Sub-Zero connaîtrait aussi des interactions avec les autres héros de la revue (Blue Bolt, le Twister et Dick Coke) qui établiraient que tous agissaient au sein d’un même univers partagé (une notion finalement pas toujours si répandue dans les comics des années 40). Les aventures du vénusien durerait ainsi jusqu’en mars 1944 (ce qui n’est certes pas la longévité d’un Superman ou d’un Flash mais quatre ans d’existence pour un héros du Golden Age, alors qu’il en apparaissait et disparaissait des dizaines chaque mois, ce n’est pas déshonorant du tout).
Dans son livre « The Ten-Cent Plague: The Great Comic-Book Scare And How It Changed America », l’historien de la BD David Hajdu liste Larry Antonette parmi les noms des auteurs qui furent frappés de plein fouet par la purge causée par l’hystérie anti-comics des années 50… Au point de ne plus y travailler par la suite. D’ailleurs Novelty Press connaîtrait un sort du même ordre quand en 1949 la Curtis Publishing Company (inquiétée par la pression des associations familiales et la mauvaise réputation générale des BD) préféra liquider son label et se retirer des comics. Ironiquement c’est la disparition de Novelty qui causerait la réapparition de Sub-Zero. Les nouveaux propriétaires des magazines anciennement dirigés par Novelty allaient se contenter de faire de la réimpression d’anciens épisodes. Ainsi quelques aventures de Sub-Zero furent republiées entre 1950 et 1951 (à commencer par l’origine dont nous venons de discuter).

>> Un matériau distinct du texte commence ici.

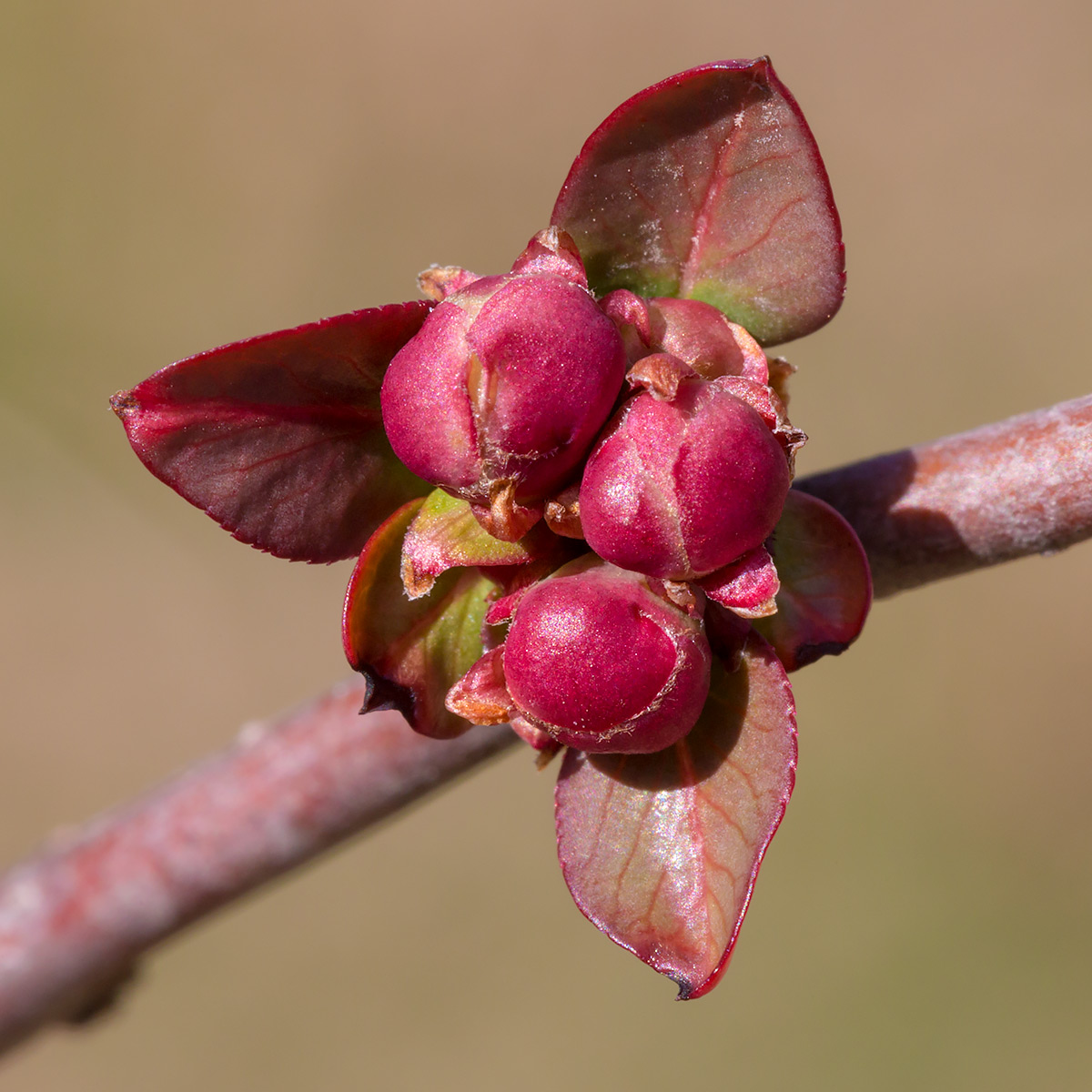 Chaenomeles speciosa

Il convient également de noter les ressemblances entre Sub-Zero tel qu’il est apparu en 1940 et le Icicle, un adversaire de Green Lantern (puis de la Justice Society of America) à partir de 1947. Comme Sub-Zero, le Icicle avait l’apparence d’un personnage avec un « capuchon givré ». Il émettait du froid via un pistolet spécial et le tout lui donne assez l’allure de Sub-Zero avec son « pistolet atomique » au point qu’il est difficile de ne pas faire le rapprochement. Comme le Icicle serait à son tour l’inspiration majeure des personnages glacés de DC comme Mister Freeze (adversaire de Batman) ou Captain Cold (ennemi de Flash), Sub-Zero est donc une sorte d’arrière-grand-père de tous ces « criminels glaciaires ». Enfin, même si on ne peut pas automatiquement en déduire que tous les personnages ayant des pouvoirs basés sur le froid découlent de Sub-Zero, il y a également des rapprochements à faire avec Jack Frost, le héros glacé de Timely Comics paru en 1941. Si Jack Frost faisait bien plus simple au niveau de l’origine (il n’en avait pas à proprement parler) et n’avait pas le « capuchon » de Sub-Zero (ou d’Icicle), ses relations orageuses avec la police donnent à ses aventures une ambiance vraiment très similaire au point qu’on pourrait presque croire (sauf que Frost explique qu’il vit au Pole Nord depuis des siècles) qu’il s’agit du même personnage à des époques différentes de sa vie. De même, la façon que Sub-Zero a de se transformer en glace précède également les pouvoirs et l’apparence similaire que pourra avoir plus tard Bobby Drake, alias Iceman, dans les pages des X-Men (encore que dans le cas d’Iceman la filiation n’est pas forcément linéaire. Il s’agit peut-être plutôt de singer le Human Torch des Quatre Fantastiques en utilisant l’autre extrémité du baromètre).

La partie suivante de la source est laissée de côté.